No es ningún secreto que en su juventud el Papa era aficionado a hacer teatro y mucho de su dominio escénico siguió en práctica durante sus apariciones públicas, multitudinarias y cada vez mejor diseñadas por los encargados de la logística de sus eventos. Valga decir que fue durante su primer viaje internacional a México en calidad de Papa, donde conoció el fenómeno de masas al cual supo sacar provecho en adelante. Jason Berry y Gerald Renner señalan que mucha de las estrategias de culto a la personalidad que se utilizaron en nuestro país durante las visitas Papales eran propias de la Legión de Cristo, la cual ya para entonces era experta en “vender” la figura de Marcial Maciel como “un santo en vida”.

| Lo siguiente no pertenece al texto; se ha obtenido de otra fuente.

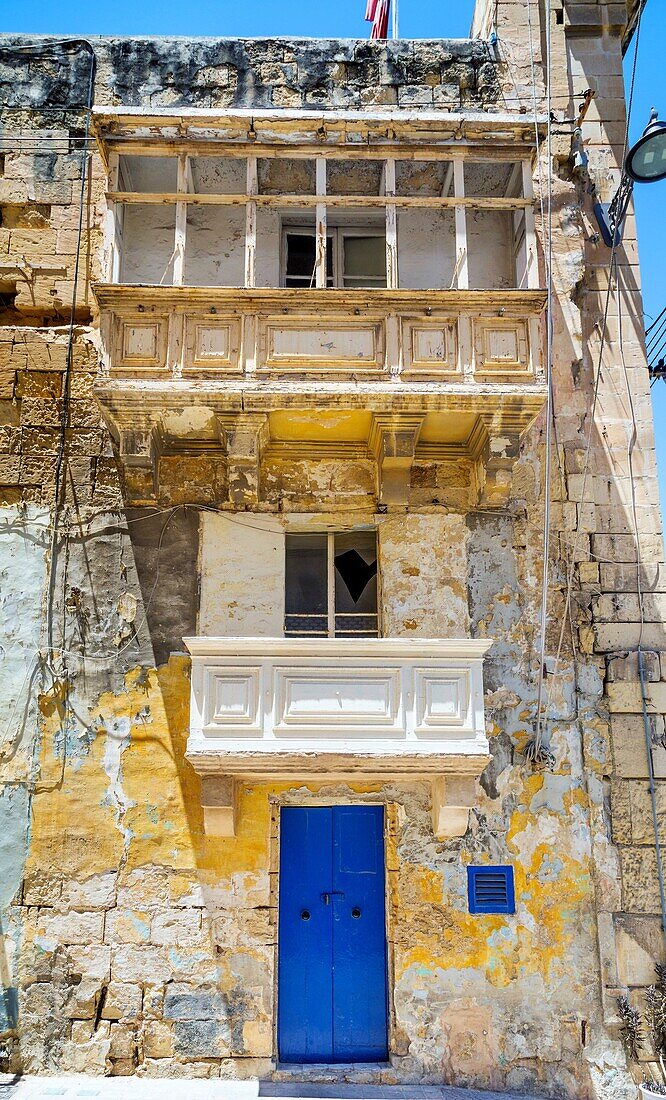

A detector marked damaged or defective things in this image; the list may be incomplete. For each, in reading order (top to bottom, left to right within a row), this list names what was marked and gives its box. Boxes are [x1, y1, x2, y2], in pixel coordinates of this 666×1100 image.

broken window pane [284, 532, 328, 638]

Personalmente puedo decir que estuve presente en 1999 en un encuentro con el Papa en el Estadio Azteca y en 2002 en la misa de canonización del probablemente inexistente indio Juan Diego y la beatificación al día siguiente de Juan Bautista y Jacinto de los Ángeles, presuntos mártires de Cajonos, Oaxaca (¿o tal vez simples traidores que delataron a sus conciudadanos con los dominicos?); ambas ceremonias en la Basílica de Guadalupe. En estos tres eventos pude palpar las dimensiones del fervor que el Papa (y no Cristo a quien decía representar) despertaba en los asistentes, un fervor que no era tan espontáneo, sino que había sido cultivado por los medios de comunicación, los cuales por meses habían taladrado la mente de la población con mensajes sobre el supuesto amor del Papa por la nación a la que visitaría. También en el lugar de la ceremonia había equipos de animación proponiendo porras, vivas y cantos para recibir a Wojtyla, como durante la canonización de Juan Diego, cuando las largas horas de espera a la intemperie en el frio atrio de la basílica fueron meticulosamente distribuidas entre videos, juegos de luces, cantos y dinámicas que tenían como figura central al Papa (y no Cristo, insisto). Así, la aparición del viejito de ropa blanca ante la multitud que estallaba de gozo era simplemente como arrojar un fósforo encendido a un pajar embebido de gasolina. Tampoco es extraño que al final de la ceremonia y después del largo tratamiento sobre la mente de los asistentes, estos recogieran ansiosamente las virutas teñidas con las que se formaron los tapetes multicolores que adornaron el paso del papamóvil.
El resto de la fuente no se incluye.